期刊
FOOD MICROBIOLOGY
卷 78, 期 -, 页码 171-178出版社
ACADEMIC PRESS LTD- ELSEVIER SCIENCE LTD
DOI: 10.1016/j.fm.2018.10.007
关键词
E. coli; High hydrostatic pressure; Heat; Resistance; TCA cycle
资金
- Research Foundation Flanders [12P9818N, 1526416 N]
- KU Leuven Research Fund [F + /13/040, STRT1/10/036]

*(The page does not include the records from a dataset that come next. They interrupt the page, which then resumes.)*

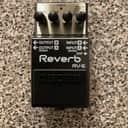 Boss RV-6 Reverb 2015 - Present - Silver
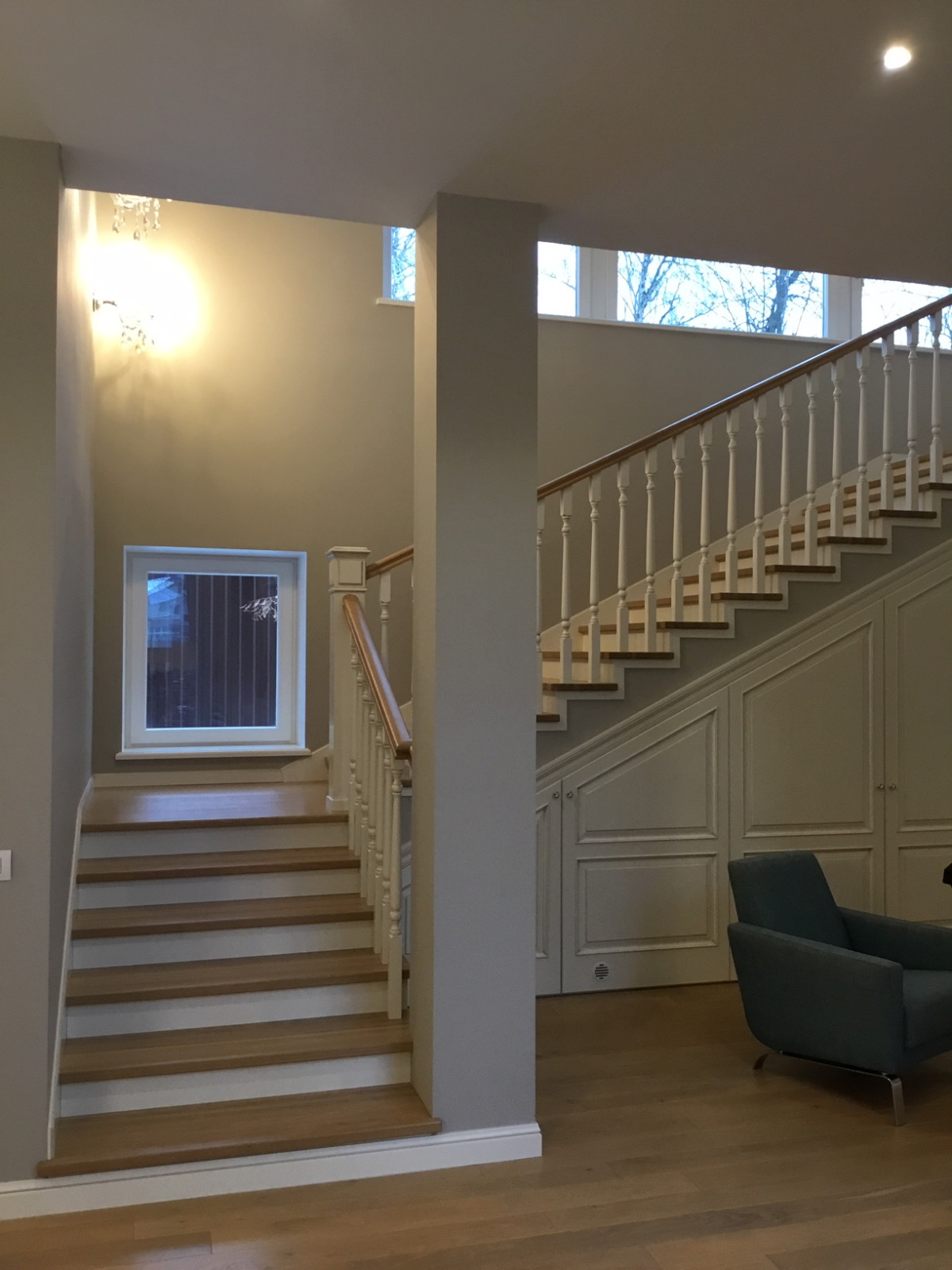 Дом 400 м в Подмосковье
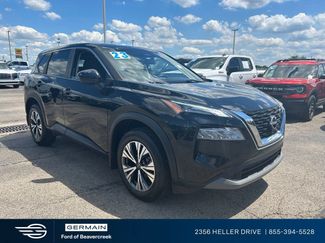Used 2023 Nissan Rogue SV AWD/4WD video 1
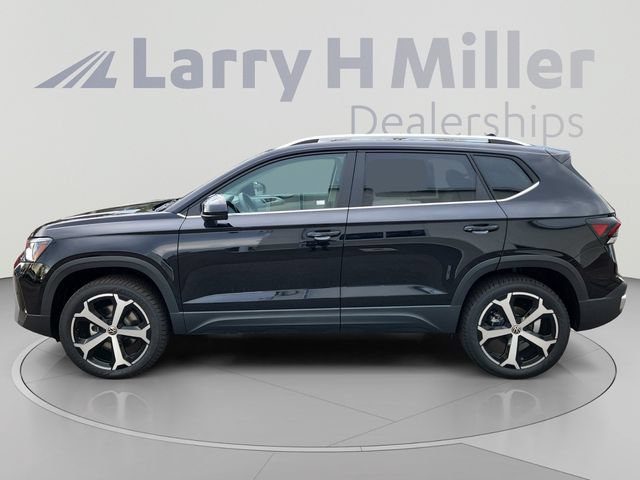 New 2026 Volkswagen Taos 1.5T SEL SUV
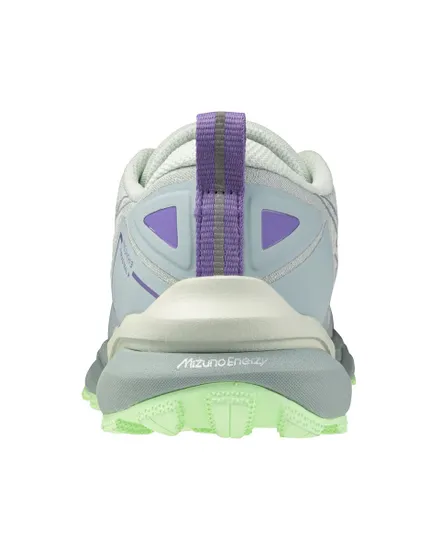 Chaussures de running Femme WAVE DAICHI 9 Vert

High hydrostatic pressure (HHP) is an interesting hurdle in minimal food processing that aims to synergistically combine different stresses to improve food microbiological safety and stability without compromising quality. For a proper understanding and design of hurdle technology, the cellular impact of the applied stresses on foodborne pathogens should be well-established. To study the mechanism of HHP-mediated cell injury and death, we screened for loss-of-function mutations in E. coli. MG1655 that affected HHP sensitivity. More specifically, ca. 6000 random transposon insertion mutants were individually exposed to HHP, after which the phenotype of the most resistant or sensitive mutations was confirmed by de novo gene deletions in the parental strain. We found that disruption of rbsK, rbsR, hdfR and crl decreased HHP resistance, while disruption of sucC and sucD (encoding subunits of the succinyl-CoA synthetase) increased HHP resistance. More detailed study of the tricarboxylic acid cycle enzymes encoded by the sdhCDAB-sucABCD operon surprisingly showed that disruption of the sucA or sucB gene (encoding subunits of the 2-oxoglutarate dehydrogenase complex) notably decreased HHP survival. We also found that the increased HHP resistance of a Delta sucC and Delta sucD mutant was mediated by increased basal RpoS activity levels, although it did not correlate with their heat resistance. Our results reveal that compromising TCA cycle enzymes can profoundly affect HHP resistance in E. coli.